=== Begin Enclosure ===
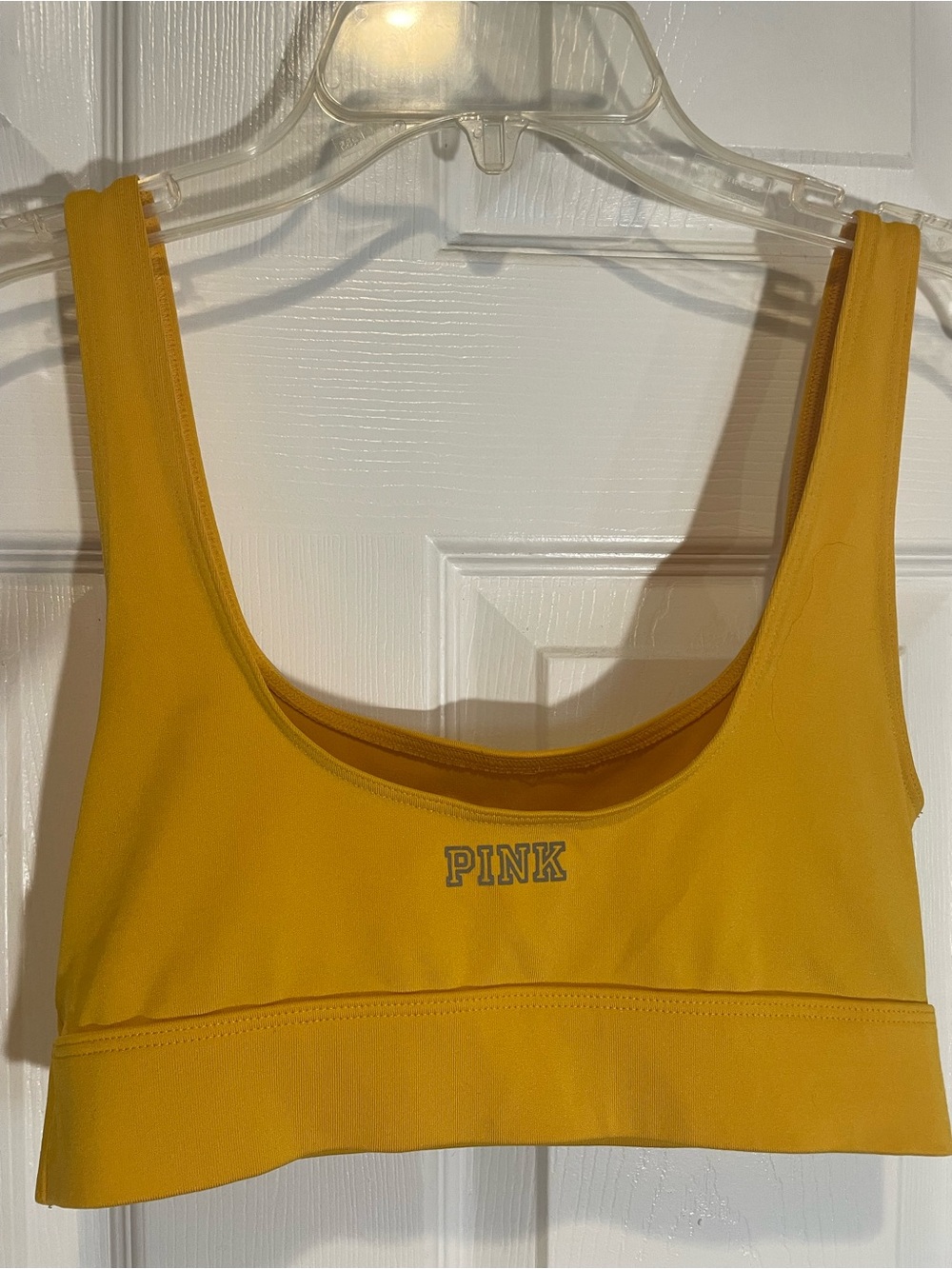 Victoria's Secret PINK Ultimate Sports Bra in Bright Yellow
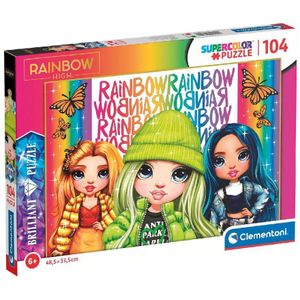 Puzzel Rainbow High (104 Stukjes) - Clementoni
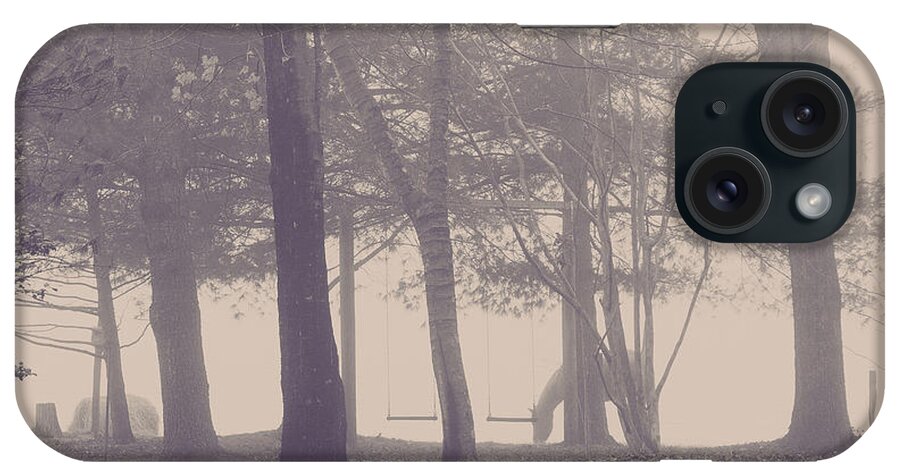 Farm iPhone Case featuring the photograph Old Horse by the Swings by Joni Eskridge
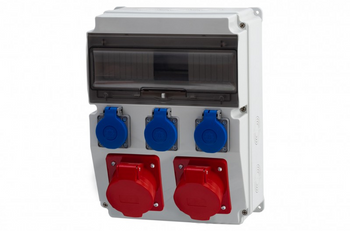 Rozdzielnica budowlana CAJA 16A 5p, 32A 5p, 3x230V F3.0444 F-elektro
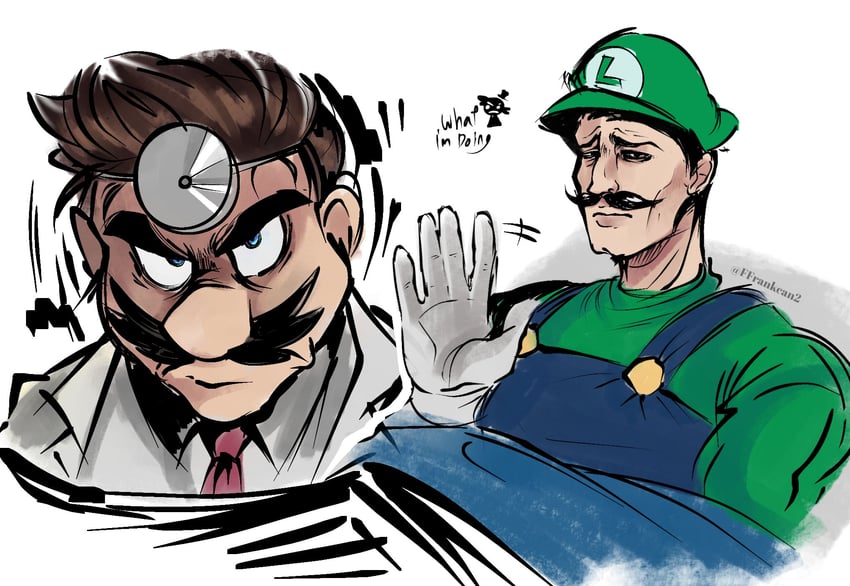 mario, luigi, and dr. mario (mario and 1 more) drawn by ffrankcan2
=== End Enclosure ===
Return every entry exactly, dropping the pictures.

◆ ANSWER SPACE:
 Victoria's Secret PINK Ultimate Sports Bra in Bright Yellow
 Puzzel Rainbow High (104 Stukjes) - Clementoni
 Farm iPhone Case featuring the photograph Old Horse by the Swings by Joni Eskridge
 Rozdzielnica budowlana CAJA 16A 5p, 32A 5p, 3x230V F3.0444 F-elektro
 mario, luigi, and dr. mario (mario and 1 more) drawn by ffrankcan2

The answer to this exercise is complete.